Comme nous l’avons vu, les preuves à charge assénées par nos deux procureurs s’étalent sur plusieurs centaines de pages. Et voici qu’en une seule phrase, la plus longue de ce petit paragraphe, cette machine à la centaine de milliards d’euros de capitalisation qui pourrit les meilleures volontés du monde pour enrichir la spéculation internationale retrouve une virginité morale à toute épreuve qui n’a plus besoin d’aucune dé-monstration pour être garantie sur facture !…
Facture ? Mais oui. Celle que l’industrie pharmaceutique réhabilitée consentirait à régler à travers un rafistolage des plus improbables mais dont nos deux petits bricoleurs de génie sont prêts à lui fournir les plans. Qu’on en juge : (pages 111-112)
« Des solutions équilibrées seraient possibles, à commencer par l’acceptation par les États de payer un peu plus cher les grandes molécules anciennes, vendues aujourd’hui à des prix dérisoires, et d’allonger la durée de protection par les brevets qui ne devraient courir qu’à partir de l’AMM [Autorisation de mise sur le marché]. À condition, en contrepartie, d’éliminer du marché les molécules inutiles et/ou dangereuses et les « me too » et de renoncer au remboursement des molécules placebos inutiles, et finalement de se contenter de bénéfices de 5 à 10% du chiffre d’affaires comme les autres entreprises, et non de 15 à 25%. Ethiquement, les industries de santé ne peuvent être les plus lucratives. »
Donc on garde tout le reste… et on repeint une toute petite partie de l’une des façades. Voilà donc pourquoi votre fille était muette, braves gens !

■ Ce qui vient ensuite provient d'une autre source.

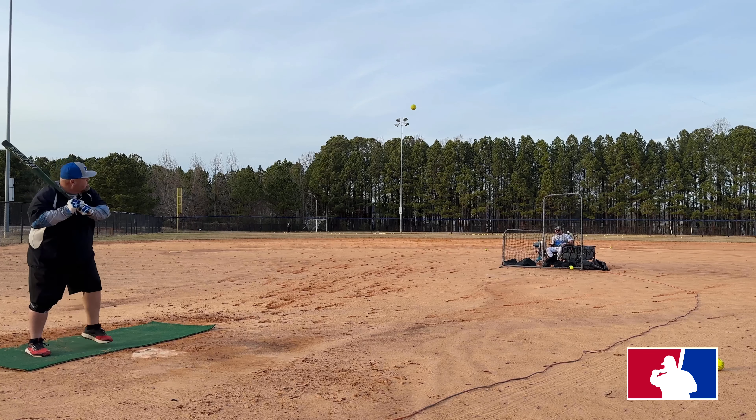80 miles per hour. I'm going to go like 400 feet over and catch the ball over the fence. 101 miles per hour. 96 miles per hour.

Et voilà pourquoi, dans cette petite affaire de virginité de parade, Chris Viehbacher, Directeur général de Sanofi, spécialement enrôlé par messieurs Even et Debré pour incarner Jeanne d’Arc, va définitivement éloigner l’industrie pharmaceutique française du feu que précédemment les mêmes lui promettaient en enfer : (page 112)
« Sanofi vient de se glorifier à son de trompes dans Le Monde de ses efforts en liaison avec l’OMS, pour éradiquer la maladie du sommeil (trypanosomiase), qui compte encore 270 foyers en Afrique, par des traitements par injection et des recherches avec l’aide de la fondation Bill et Mélinda Gates sur de nouvelles molécules actives par voie orale. Bravo, car le nombre de cas (identifiés) est passé de 350 000, il y a quinze ans, à 6 500, mais, pour cela, Sanofi n’aura dépensé que 100 millions d’euros en vingt ans… soit 5 millions par an, soit moins de 1/1 000 de ses bénéfices, comme si chacun d’entre nous versait 5 à 10 euros par an. Ne pourrait-elle mieux faire ? »
Mais si, bien sûr, depuis que Jeanne d’Arc a pris les rênes de son beau destrier bleu… et que le bénéfice de Sanofi s’est encore accru… sur lequel la part sus-indiquée reprendra le pourcentage qui lui revient, etc…
Il fait décidément bon être en bonne santé, pour ne pas, ici, mourir de rire… ou de colère.